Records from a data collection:
Start of Block

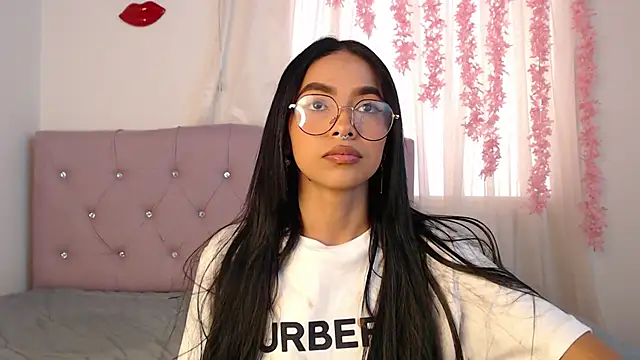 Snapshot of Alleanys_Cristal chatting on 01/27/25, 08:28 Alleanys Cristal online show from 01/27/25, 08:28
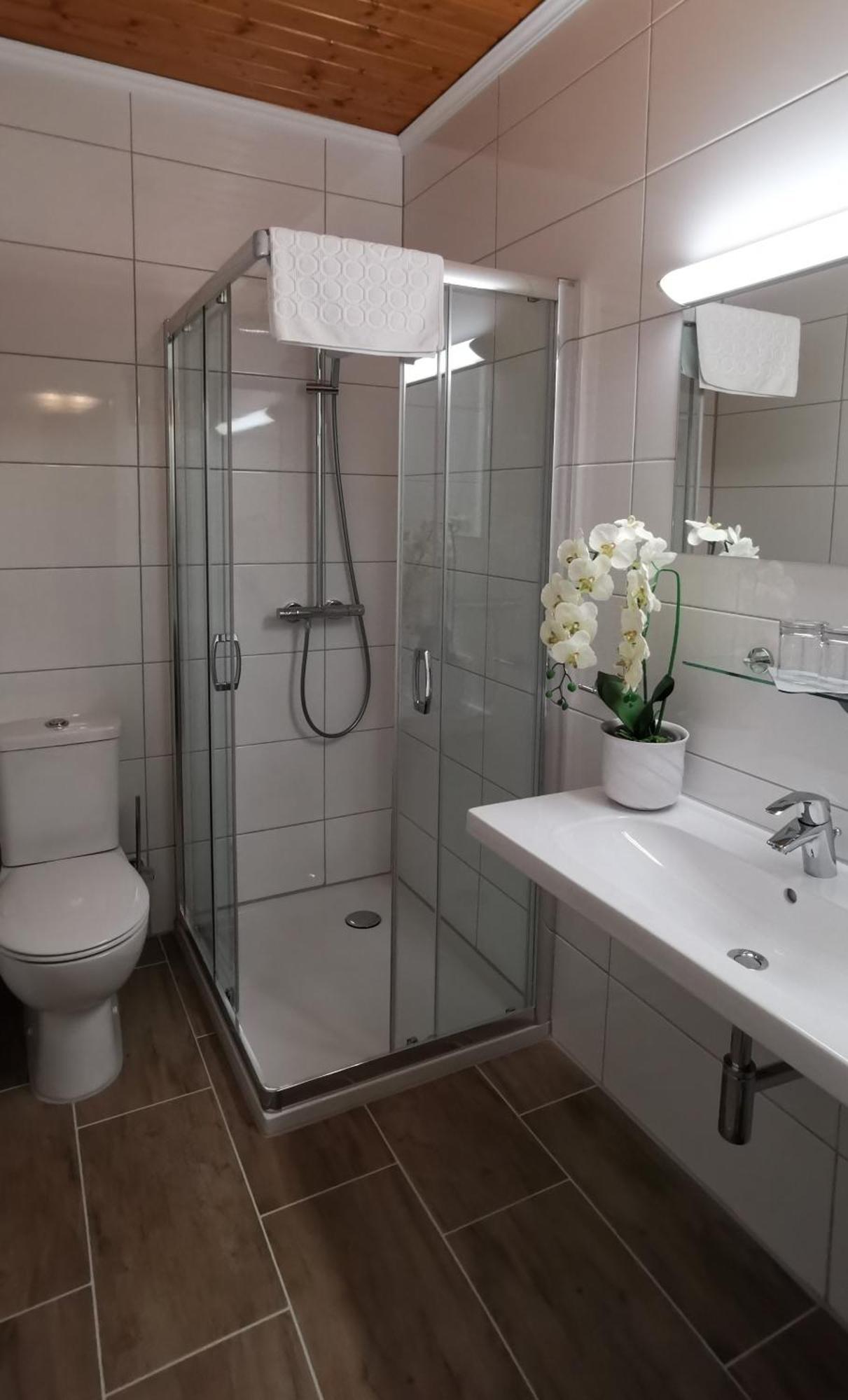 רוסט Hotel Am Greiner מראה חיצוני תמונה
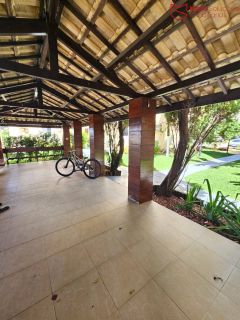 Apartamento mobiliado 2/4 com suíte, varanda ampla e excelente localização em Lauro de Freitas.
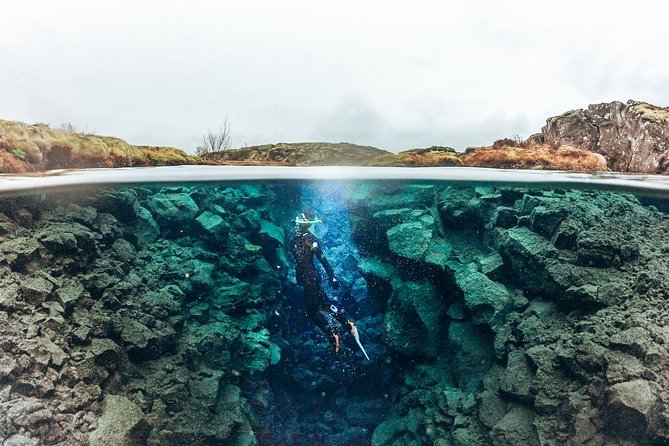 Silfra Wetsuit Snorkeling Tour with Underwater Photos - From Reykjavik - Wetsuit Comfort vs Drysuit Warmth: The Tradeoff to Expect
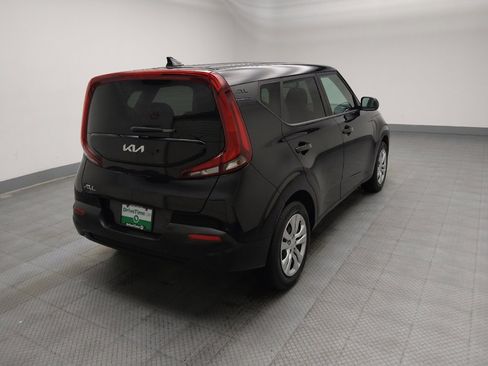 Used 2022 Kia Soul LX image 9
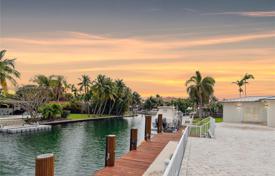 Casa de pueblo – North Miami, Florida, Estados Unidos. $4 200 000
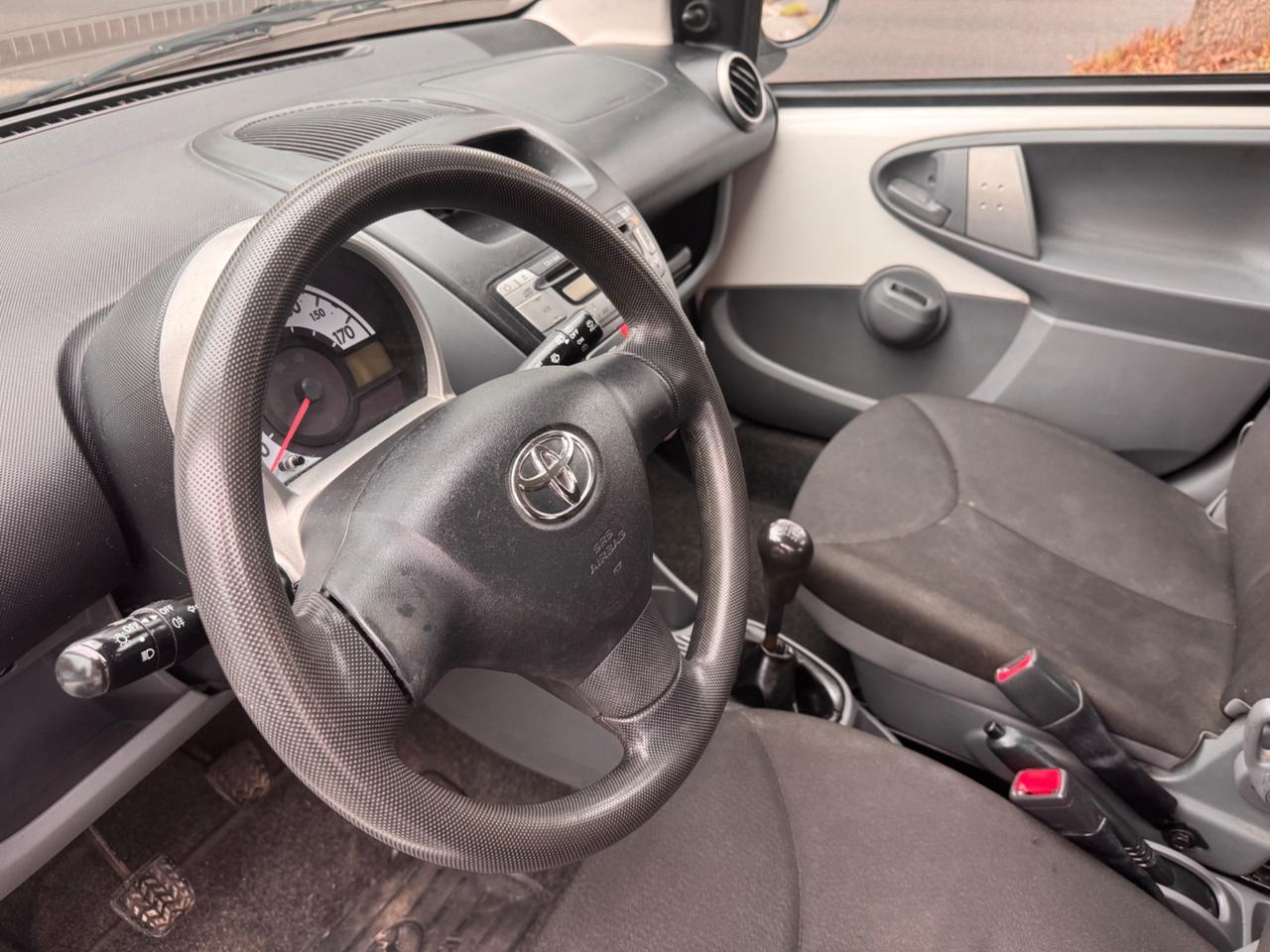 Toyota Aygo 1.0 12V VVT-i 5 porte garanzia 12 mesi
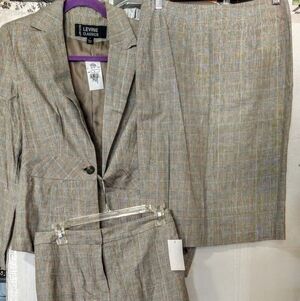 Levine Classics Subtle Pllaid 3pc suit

End of Block
Start of Block

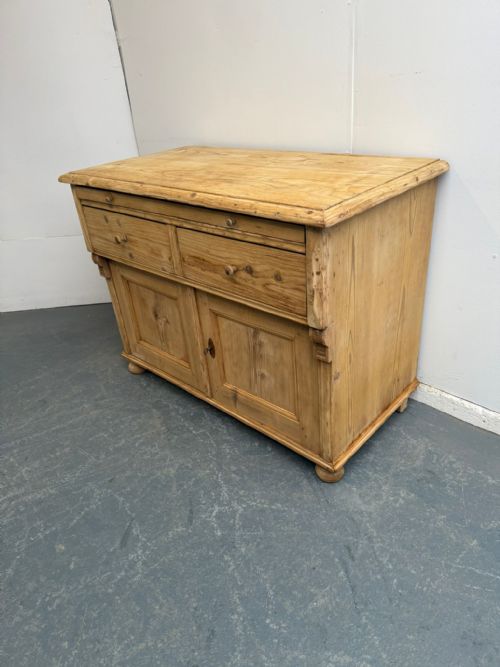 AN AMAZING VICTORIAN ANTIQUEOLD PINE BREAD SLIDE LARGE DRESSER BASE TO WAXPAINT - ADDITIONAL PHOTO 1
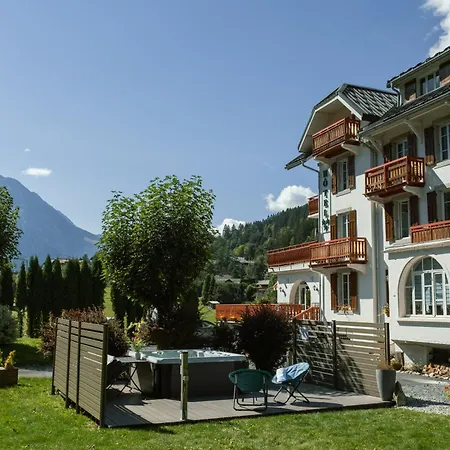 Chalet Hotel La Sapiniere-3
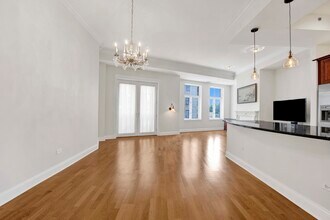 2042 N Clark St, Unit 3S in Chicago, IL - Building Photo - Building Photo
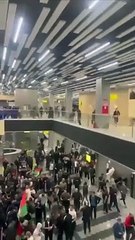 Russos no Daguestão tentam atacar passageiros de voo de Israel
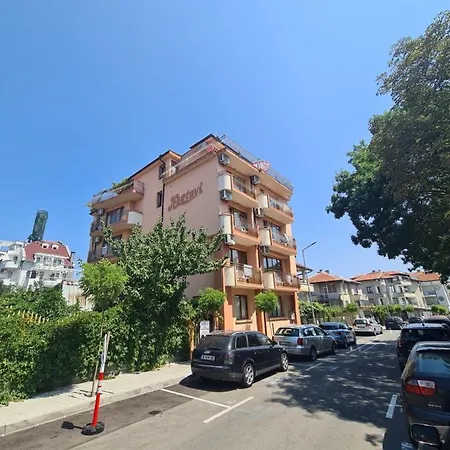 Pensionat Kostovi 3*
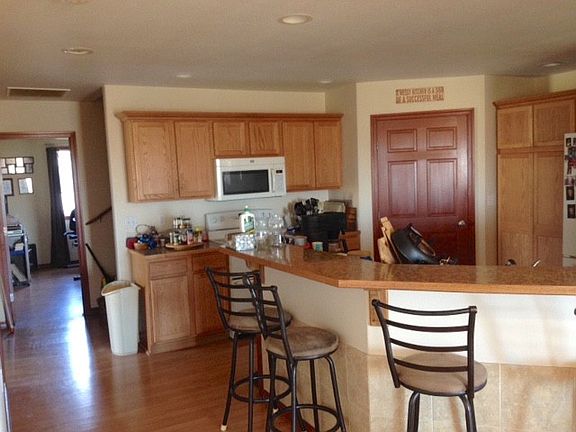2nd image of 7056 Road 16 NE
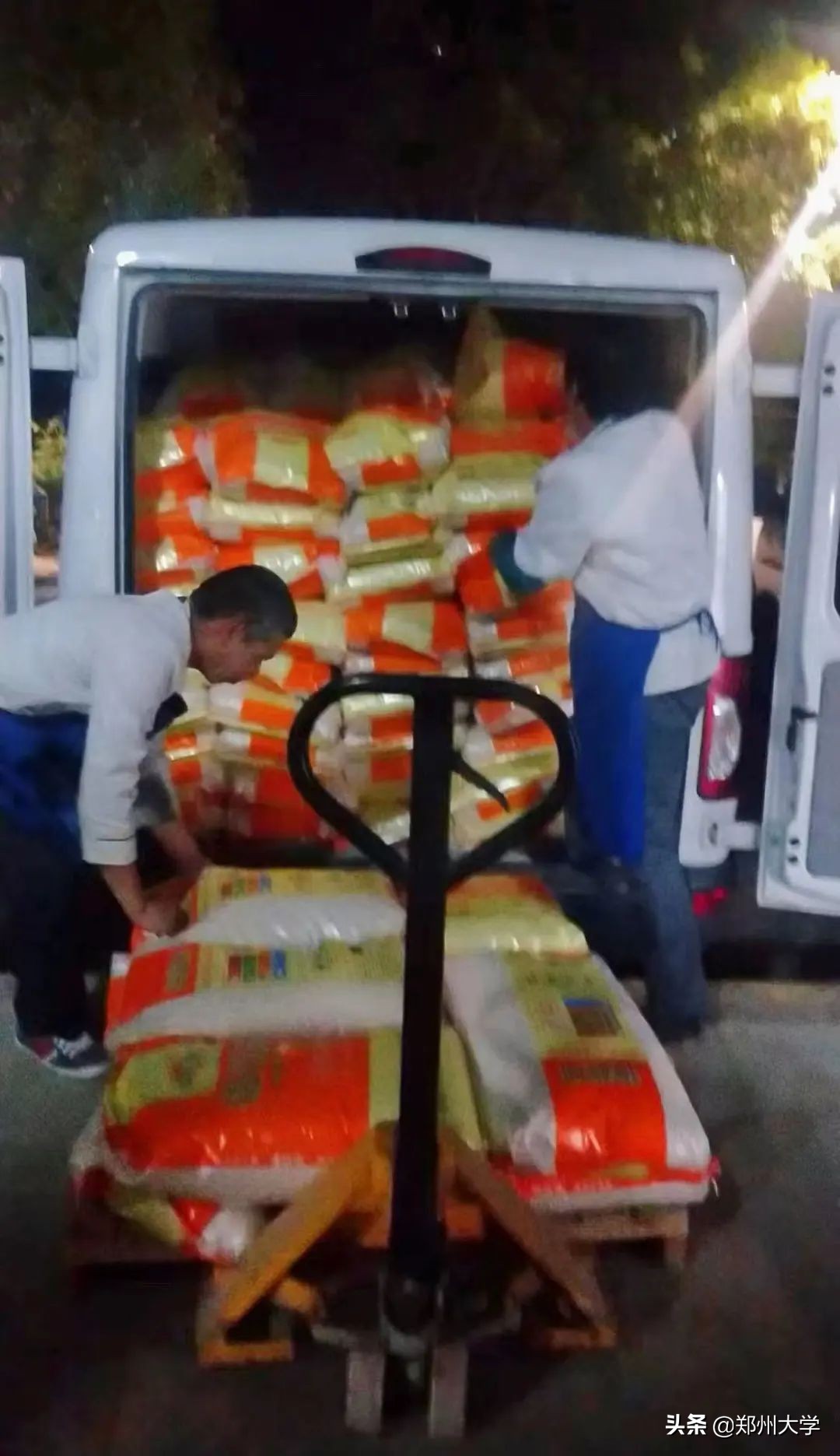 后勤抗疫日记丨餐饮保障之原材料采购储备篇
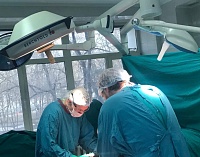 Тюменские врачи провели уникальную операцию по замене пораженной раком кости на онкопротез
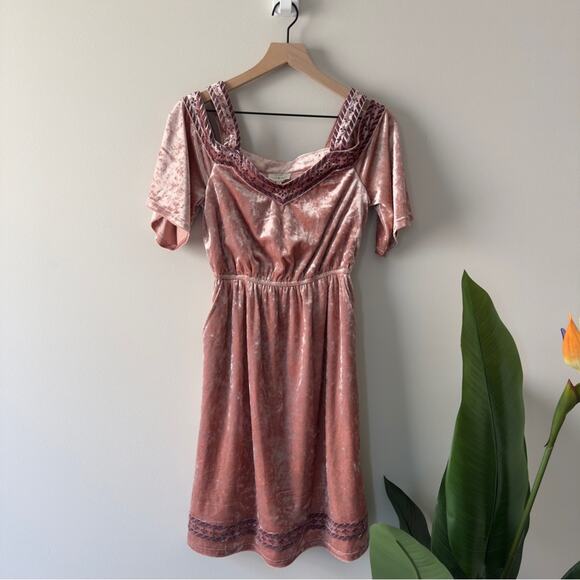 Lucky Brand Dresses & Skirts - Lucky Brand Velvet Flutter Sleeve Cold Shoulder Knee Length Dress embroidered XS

End of Block

→ **TO DO**: Using the data above, retype exactly and only the lines from the one containing "Snapshot of Alleanys_Cristal" up to and including the one containing "Levine Classics Subtle Pllaid 3pc suit", with no pictures carried over.

→ **SOLUTION TO THIS TASK**:
 Snapshot of Alleanys_Cristal chatting on 01/27/25, 08:28 Alleanys Cristal online show from 01/27/25, 08:28
 רוסט Hotel Am Greiner מראה חיצוני תמונה
 Apartamento mobiliado 2/4 com suíte, varanda ampla e excelente localização em Lauro de Freitas.
 Silfra Wetsuit Snorkeling Tour with Underwater Photos - From Reykjavik - Wetsuit Comfort vs Drysuit Warmth: The Tradeoff to Expect
 Used 2022 Kia Soul LX image 9
 Casa de pueblo – North Miami, Florida, Estados Unidos. $4 200 000
 Toyota Aygo 1.0 12V VVT-i 5 porte garanzia 12 mesi
 Levine Classics Subtle Pllaid 3pc suit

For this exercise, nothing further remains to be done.